Las cosas iban encarriladas en todos los sentidos, porque en setiembre de aquel 1935 Berenice Abbott recibió los fondos –145 dólares al mes, total libertad artística y un Ford Roadster de 1930– que necesitaba para su proyecto, al que bautizó “Changing New York” y que terminaría diez años más tarde con la publicación de un libro, con textos de su pareja, que se ha convertido en icónico, con sus imágenes de los rascacielos como esculturas y sus retratos de un tiempo que no volverá. Su documentación de la ciudad en crecimiento y cambiante, pero en última instancia atemporal, ha sido uno de sus logros más conocidos. Siguió fotografiando la ciudad hasta 1956. En el interín, en 1941 publicó otro libro, un clásico de la fotografía, titulado “A Guide to Better Photography”.

Prolífica artista que abarcó muchos géneros (fotografía de calle, retratos, imágenes documentales y científicas), esta mujer parece que necesitaba embarcarse en grandes proyectos. La última parte de su vida la dedicó a la fotografía científica: «Vivimos en un mundo hecho por la ciencia –declaró–. Pero nosotros, millones de laicos, no entendemos ni apreciamos el conocimiento que controla la vida cotidiana. Para conseguir que la ciencia tenga un amplio apoyo popular, es necesario que haya un intérprete amigable entre la ciencia y el profano. Creo que la fotografía puede ser ese portavoz, mejor que cualquier otra forma de expresión».

Fue una pionera. Primero por su cuenta, y luego en sus trabajos para el libro de texto “American High School Biology” o contratada por el Massachusetts Institute of Technology (MIT) documentando investigaciones en el laboratorio de física que sirvieran después para dar clase, estableció un nuevo estándar en la fotografía científica que se mantiene hoy en día. Ella no solo desarrolló nuevas técnicas, sino que también inventó y patentó equipos y artilugios, aprehendiendo la magia de los experimentos físicos, las matemáticas y la química en fotografías en blanco y negro muy minimalistas, con un aire a lo Man Ray.
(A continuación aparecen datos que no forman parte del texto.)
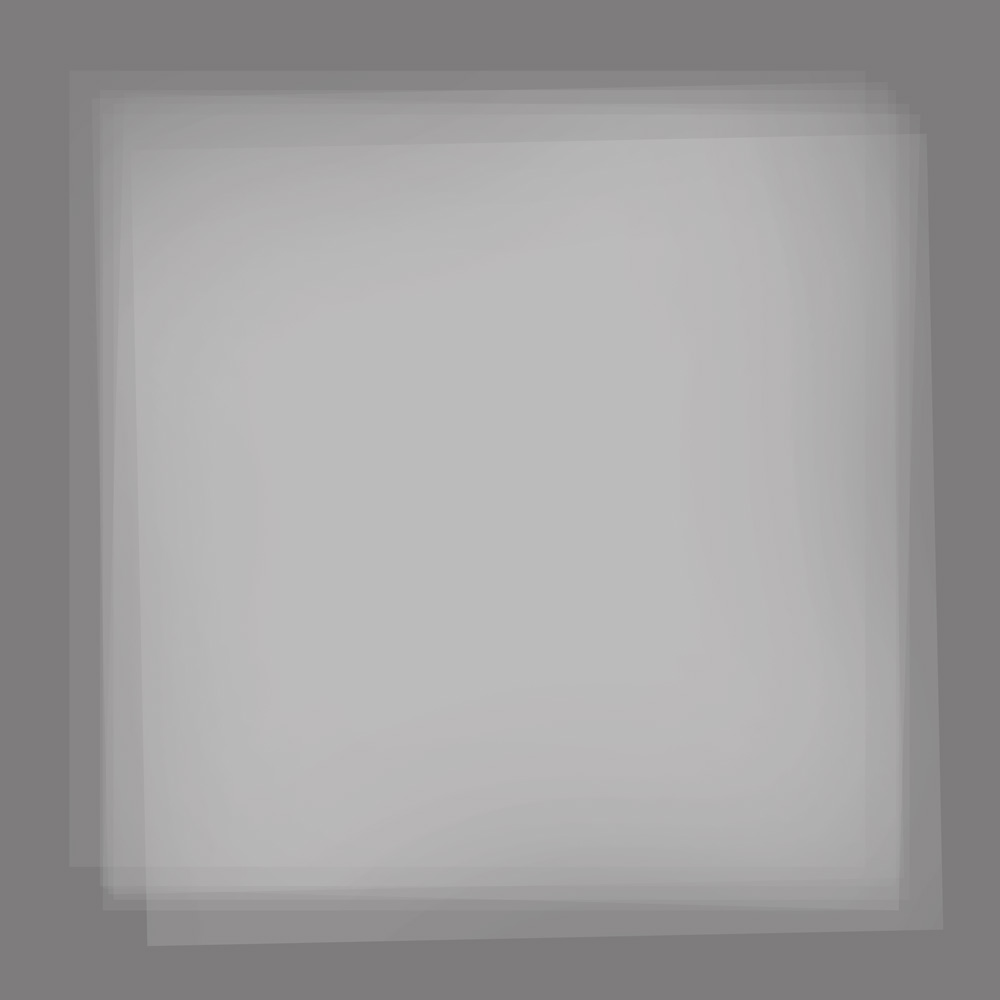 AL14251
Tras la muerte de Elizabeth, Berenice Abbott se instaló en Maine, donde vivió hasta su muerte, en 1991. En los últimos años, cómo no, esta incansable mujer documentó también la vida de la zona donde vivía. Sus fondos los gestiona Commerce Graphics, constituida en 1985 y que toma el nombre de la calle donde vivió la pareja, cuya sede está en el Upper East Side de Nueva York, donde se organizan exposiciones y todo lo relacionado con la gestión de la obra dejada por Berenice Abbott.

“Topografías” se puede ver en Kutxa Kultur Artegunea, en el edificio de Tabakalera (Donostia) hasta el 25 de marzo. Entre las actividades previstas, visita guiada con la fotógrafa Begoña Zubero el 8 de marzo.